One step further and he'd be wearing grease paint.
"I think you always feel like you're in the games," O'Connor said. "If you're a player, you really control it. When you're a coach, you control it a little bit less. And when you're sitting in the stands, you feel like you have no control. That's why I yell. That's why I'm a fan."
O'Connor comes by his animation honestly. He's been at all of the aforementioned levels player, coach, fan. The son of a New York City cop who became chief of police in Syracuse, N.Y., he served two years in the Army, assisting with eye, ear, nose and throat treatment.
He gained degrees in economics and business from Belmont Abbey College in North Carolina, where he captained a basketball team that went 21-5 his senior year. That was when he was fully in the game. The next step came when he worked as an assistant coach at Virginia Tech, VMI, Colorado and UCLA.
His background includes three uncles who played college and/or professional sports.
O'Connor considered following his father into law enforcement but instead took a job as volunteer JV coach at a high school. He was hooked on being in the game, or at least as close as you can get wearing a necktie.
It wasn't exactly a rocket ride to the front office. He spent 11 years as a college assistant. He was also a scout with several NBA teams, including the Jazz, Sixers and Nets. But, he says, there's no clear-cut path to sports management.
"Most of the guys (in management) either played for a team in some form, or coached, or maybe they were in broadcasting or something like that. But it's good to have a godfather."
O'Connor's "godfather" was Larry Brown, who hired him as an assistant coach at UCLA, as well as player personnel director in Philadelphia.

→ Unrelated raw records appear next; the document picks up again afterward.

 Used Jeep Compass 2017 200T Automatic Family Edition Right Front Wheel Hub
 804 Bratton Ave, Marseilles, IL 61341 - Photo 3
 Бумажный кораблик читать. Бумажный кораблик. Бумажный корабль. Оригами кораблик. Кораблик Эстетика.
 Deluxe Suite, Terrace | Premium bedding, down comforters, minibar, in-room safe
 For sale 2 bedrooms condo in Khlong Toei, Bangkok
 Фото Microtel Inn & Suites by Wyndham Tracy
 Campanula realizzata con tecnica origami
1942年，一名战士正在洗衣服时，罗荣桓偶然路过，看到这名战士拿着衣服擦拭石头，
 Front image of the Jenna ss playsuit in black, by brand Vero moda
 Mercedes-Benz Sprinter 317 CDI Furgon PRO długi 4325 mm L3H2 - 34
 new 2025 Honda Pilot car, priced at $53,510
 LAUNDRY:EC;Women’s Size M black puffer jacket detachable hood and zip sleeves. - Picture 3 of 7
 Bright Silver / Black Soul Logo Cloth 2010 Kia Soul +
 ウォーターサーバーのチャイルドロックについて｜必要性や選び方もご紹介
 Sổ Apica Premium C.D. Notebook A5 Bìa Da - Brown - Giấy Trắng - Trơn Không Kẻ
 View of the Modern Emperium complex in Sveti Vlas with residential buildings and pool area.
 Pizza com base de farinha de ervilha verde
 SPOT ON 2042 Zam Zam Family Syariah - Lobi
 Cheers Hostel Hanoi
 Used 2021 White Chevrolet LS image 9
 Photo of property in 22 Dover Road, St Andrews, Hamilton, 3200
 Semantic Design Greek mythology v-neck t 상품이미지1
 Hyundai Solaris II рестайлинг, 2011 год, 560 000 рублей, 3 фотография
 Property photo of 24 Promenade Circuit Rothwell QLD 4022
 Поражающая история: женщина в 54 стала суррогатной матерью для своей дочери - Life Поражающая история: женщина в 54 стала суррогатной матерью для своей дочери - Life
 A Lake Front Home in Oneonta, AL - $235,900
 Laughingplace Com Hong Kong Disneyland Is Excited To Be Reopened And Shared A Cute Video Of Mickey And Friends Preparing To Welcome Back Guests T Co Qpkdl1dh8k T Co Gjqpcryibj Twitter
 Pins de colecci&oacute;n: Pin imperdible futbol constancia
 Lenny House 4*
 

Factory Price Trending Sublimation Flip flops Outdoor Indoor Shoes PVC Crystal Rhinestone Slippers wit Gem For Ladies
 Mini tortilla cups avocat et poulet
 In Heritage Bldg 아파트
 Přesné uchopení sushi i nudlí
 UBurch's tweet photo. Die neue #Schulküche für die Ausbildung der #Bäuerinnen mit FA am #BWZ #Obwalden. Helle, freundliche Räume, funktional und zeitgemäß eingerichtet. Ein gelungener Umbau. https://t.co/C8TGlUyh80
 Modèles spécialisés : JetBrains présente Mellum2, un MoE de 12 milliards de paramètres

Nine years ago, O'Connor came to Utah.
Before getting into administration, he scouted and served as a rep for a clothing company. Hence, the tailored suits with the hand-sewn buttonholes, the broadcloth shirts with single-needle stitching, the contrasting silk ties and cap-toed soft leather shoes.
What did he learn from his days in the clothing business?
"What I can tell is that all the players' stuff is tailor made," he said. "They pay a lot of money for it. Problem is, they have to. It's very difficult to find something to fit them. You don't get it off the rack."
Not that he'd ever say clothing makes the man. Defense does.Still, nice threads do provide a good rule of thumb for any aspiring G.M.: It's OK to yell. Just make sure you look good doing it.